Step 3: Old workers are gracefully shut down and finish processing in-flight requests. No new requests are going to old workers. New requests are still going to the yet uninitialized new workers.
Step 4: Old workers finish shutting down. New workers are not yet initialized.
Step 5: After about 20 seconds, the new workers are initialized. Requests are now getting processed again.
Graceful reloading with SIGUSR2
To properly gracefully reload an application without blocking requests, we can send the SIGUSR2 signal to gunicorn.

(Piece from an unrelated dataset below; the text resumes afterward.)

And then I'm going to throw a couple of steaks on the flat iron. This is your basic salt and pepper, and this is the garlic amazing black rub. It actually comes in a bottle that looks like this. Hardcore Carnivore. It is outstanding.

SIGUSR2 is designed for upgrading the gunicorn binary, so we are misappropriating it a little here.
SIGUSR2 will cause gunicorn to spawn a new master process while leaving the old master process running. After a warm-up period, the new master process is up and serving requests, and we can terminate the old master process by sending SIGTERM to it.
To illustrate:
Step 1: Before receiving the signal, gunicorn has one master process.

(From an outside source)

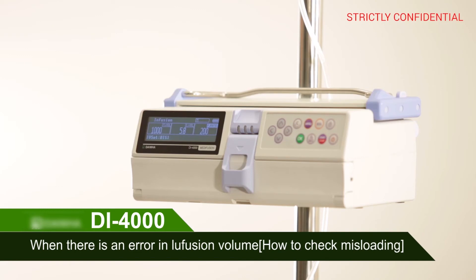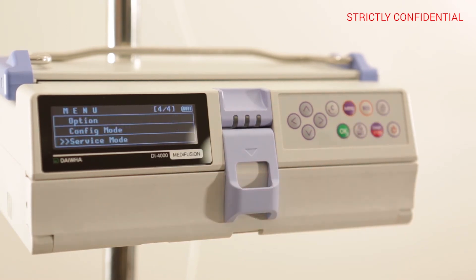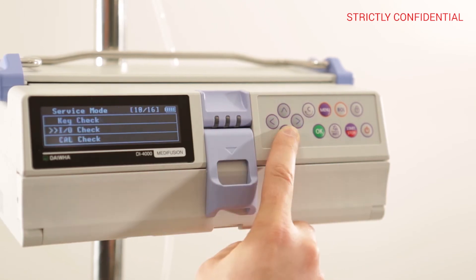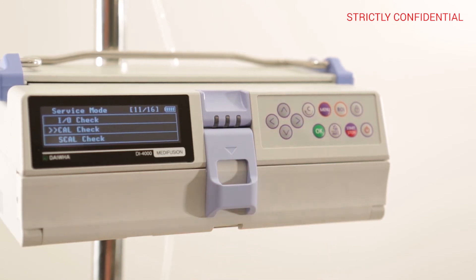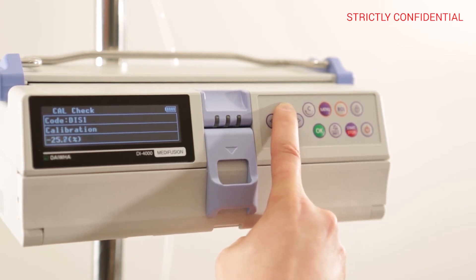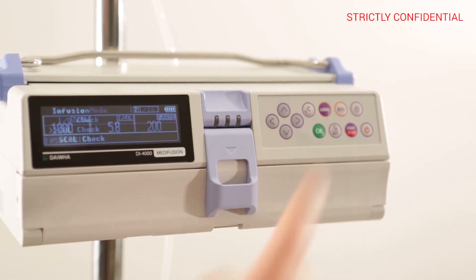When there is an error in infusion volume, press the menu button to enter service mode, enter 1711 as the password, and use the arrow keys to enter the cal check. When an accuracy error occurs, adjust the value using cal check mode. If the infusion volume is over, the value should be lowered. Press OK to return to the initial screen and test infusion volume accuracy again.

Step 2: Sending SIGUSR2 to the master process will cause it to spawn a new one. The new master process starts to initialize its workers.
Step 3: After the workers in the new master process are initialized, requests will start getting served by both masters.

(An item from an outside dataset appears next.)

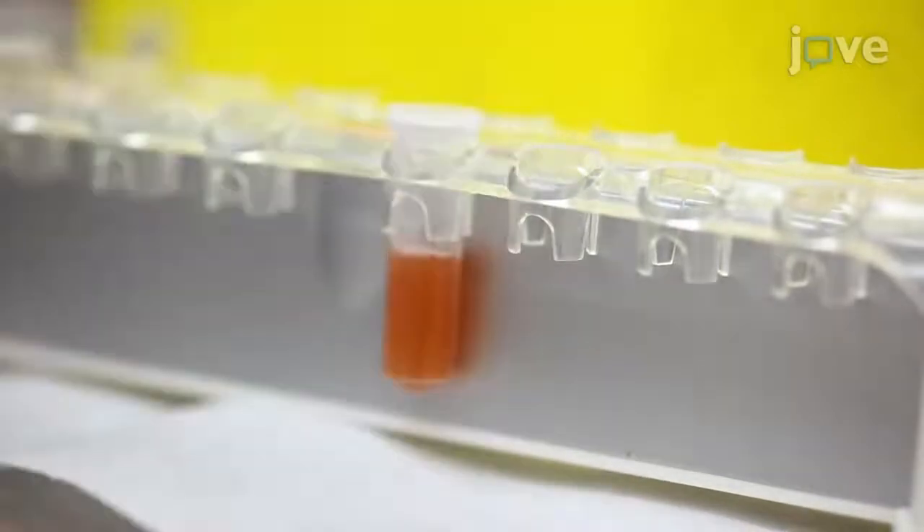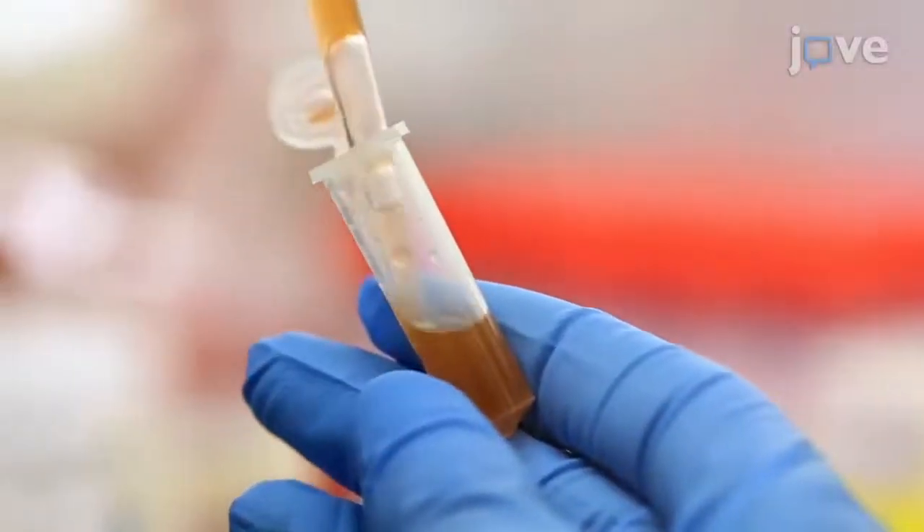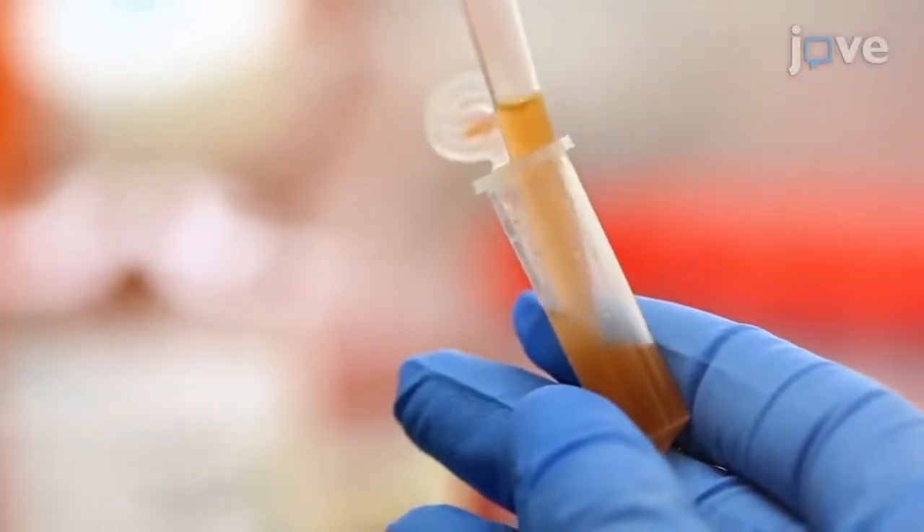Individuals new to this technique will likely struggle with the optimization of target-to-effector cell ratio. My advice is to do a thorough search of the literature to determine the ratios that you will test when optimizing the protocol.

Step 4: Sending SIGTERM to the old master process will cause it to gracefully shut down its workers. The workers will finish processing the in-flight requests. The old master process will exit once all workers have exited. Only the new master remains.
With supervisor
Unfortunately the SIGUSR2 approach to gracefully reloading applications does not play nice with supervisor. The new gunicorn master process isn’t owned by supervisor. When the old master process is terminated, supervisor will attempt to restart gunicorn. This results in there being two master processes.
What we can do instead is wrap the gunicorn master processes with a script. Supervisor will manage this wrapper script, not the gunicorn master processes. The script will handle sending SIGUSR2/SIGTERM to reload gunicorn gracefully. The script will present itself to supervisor with a consistent PID to insulate supervisor from the changing PIDs of the currently-active gunicorn master process.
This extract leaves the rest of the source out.